Por essa e por outras, Karen se tornou uma das minhas heroínas. Uma mulher que toca uma fazenda sozinha, no meio da África, no início do século passado, que tem um casamento fracassado, que convive com a sífilis, que perde toda sua fortuna, que tem o amor da sua vida morto num acidente, mas que ainda assim se torna uma das maiores escritoras do modernismo. Karen, quando crescer quero ser como você.

Uma metáfora que ela gostava de contar:

Se, ao plantar um pé de café, você vergar a raiz-mestra, esta planta começará, depois de um breve intervalo, a mostrar uma multiplicidade de pequenas e delicadas raízes, quase aflorando à superfície. Esta planta não será produtiva, nem carregará frutos, mas florescerá mais ricamente que as outras.

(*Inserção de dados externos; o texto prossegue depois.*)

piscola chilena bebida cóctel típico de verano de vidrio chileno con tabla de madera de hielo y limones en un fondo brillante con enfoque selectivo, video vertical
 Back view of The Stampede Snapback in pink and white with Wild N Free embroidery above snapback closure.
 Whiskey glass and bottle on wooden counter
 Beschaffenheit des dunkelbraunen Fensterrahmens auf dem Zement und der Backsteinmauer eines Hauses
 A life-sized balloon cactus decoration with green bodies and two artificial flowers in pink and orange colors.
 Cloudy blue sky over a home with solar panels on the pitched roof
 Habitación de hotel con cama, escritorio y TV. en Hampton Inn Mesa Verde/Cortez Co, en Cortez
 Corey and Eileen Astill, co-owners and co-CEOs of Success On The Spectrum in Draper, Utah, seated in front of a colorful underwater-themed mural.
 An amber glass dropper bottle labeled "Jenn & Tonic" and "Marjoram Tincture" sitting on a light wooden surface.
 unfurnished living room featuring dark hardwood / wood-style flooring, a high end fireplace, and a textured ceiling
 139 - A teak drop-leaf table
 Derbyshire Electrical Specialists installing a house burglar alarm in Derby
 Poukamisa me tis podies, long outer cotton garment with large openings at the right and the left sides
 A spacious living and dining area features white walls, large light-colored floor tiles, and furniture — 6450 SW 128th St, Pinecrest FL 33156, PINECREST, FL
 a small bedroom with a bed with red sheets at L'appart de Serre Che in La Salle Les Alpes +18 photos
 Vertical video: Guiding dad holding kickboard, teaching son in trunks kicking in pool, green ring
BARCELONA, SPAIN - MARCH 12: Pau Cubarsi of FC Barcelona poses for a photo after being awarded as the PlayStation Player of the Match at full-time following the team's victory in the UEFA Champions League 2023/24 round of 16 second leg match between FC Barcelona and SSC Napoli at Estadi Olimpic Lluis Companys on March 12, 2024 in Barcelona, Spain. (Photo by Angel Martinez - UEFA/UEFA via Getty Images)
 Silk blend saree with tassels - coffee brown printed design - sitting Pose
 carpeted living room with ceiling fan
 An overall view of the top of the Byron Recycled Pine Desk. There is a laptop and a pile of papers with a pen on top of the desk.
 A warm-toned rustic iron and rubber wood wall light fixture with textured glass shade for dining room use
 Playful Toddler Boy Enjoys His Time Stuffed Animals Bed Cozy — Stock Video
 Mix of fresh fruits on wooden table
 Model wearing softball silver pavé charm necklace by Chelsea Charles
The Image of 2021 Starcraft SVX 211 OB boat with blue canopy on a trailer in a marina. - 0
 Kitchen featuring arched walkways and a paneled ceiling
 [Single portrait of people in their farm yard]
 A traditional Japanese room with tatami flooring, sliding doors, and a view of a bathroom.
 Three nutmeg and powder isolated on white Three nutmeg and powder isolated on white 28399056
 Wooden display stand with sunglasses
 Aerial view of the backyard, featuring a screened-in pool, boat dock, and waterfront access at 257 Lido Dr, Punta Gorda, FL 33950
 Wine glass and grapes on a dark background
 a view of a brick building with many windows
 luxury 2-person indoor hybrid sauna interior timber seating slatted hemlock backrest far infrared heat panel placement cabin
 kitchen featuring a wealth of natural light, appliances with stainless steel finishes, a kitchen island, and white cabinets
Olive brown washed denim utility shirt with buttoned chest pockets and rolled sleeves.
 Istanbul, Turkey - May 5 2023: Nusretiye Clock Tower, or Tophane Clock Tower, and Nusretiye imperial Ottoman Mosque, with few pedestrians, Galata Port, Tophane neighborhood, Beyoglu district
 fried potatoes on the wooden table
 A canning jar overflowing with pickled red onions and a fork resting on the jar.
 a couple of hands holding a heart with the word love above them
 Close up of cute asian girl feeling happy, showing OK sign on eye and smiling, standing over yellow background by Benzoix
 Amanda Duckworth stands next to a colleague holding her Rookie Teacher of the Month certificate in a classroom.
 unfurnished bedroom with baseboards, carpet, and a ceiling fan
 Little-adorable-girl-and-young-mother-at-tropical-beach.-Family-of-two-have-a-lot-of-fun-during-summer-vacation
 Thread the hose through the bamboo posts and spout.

Estas delicadas raízes são os sonhos da planta. À medida que elas se espraiam, a planta não mais precisa pensar em sua vergada raiz-mestra. Mantém-se viva graças a elas, mas só um pouco, não por muito tempo. Se se preferir, pode-se também dizer que a planta morre por causa delas. Pois em verdade, o sonho é a maneira de pessoas bem-educadas cometerem suicídio.

E um trecho do conto Os caminhos em torno de Pisa, de Sete Narrativas Góticas, em que dois personagens, um homem e uma mulher conversam sobre o relacionamento entre os sexos:

-Ora, Deus – continuou ela -, ao criar Adão e Eva – e aqui também ela os fitou através do salão – , dispôs as coisas de tal modo que o homem tenha, nessas questões, o papel de um convidado, enquanto à mulher cabe o de anfitriã. Por isso, o homem encara com ligeireza o amor, pois neste não estão envolvidas a honra e a dignidade de sua casa. E também é possível, evidentemente, que sejamos convidados de muita gente para a qual jamais gostaríamos de ser anfitriões. Agora, diga-me uma coisa, conde: o que quer um convidado?

– Creio – disse afinal Augustus, após examinar a questão com cuidado – que, como convém neste caso, se deixarmos de lado o convidado grosseiro, que espera ser regalado, se empanturra e vai embora, o que um convidado quer antes de tudo é ser entretido, de modo que possa escapar à monotonia e às preocupações corriqueiras. Além disso, um convidado decente quer brilhar, se expandir e imprimir sua própria personalidade ao ambiente. Por último, talvez ele queira encontrar uma justificativa para sua existência. Mas como a senhorita colocou a questão de modo tão encantador, responda-me agora, por favor: e a anfitriã, o que ela quer?

– A anfitriã – disse a jovem – quer, acima de tudo, o agradecimento de seus convidados.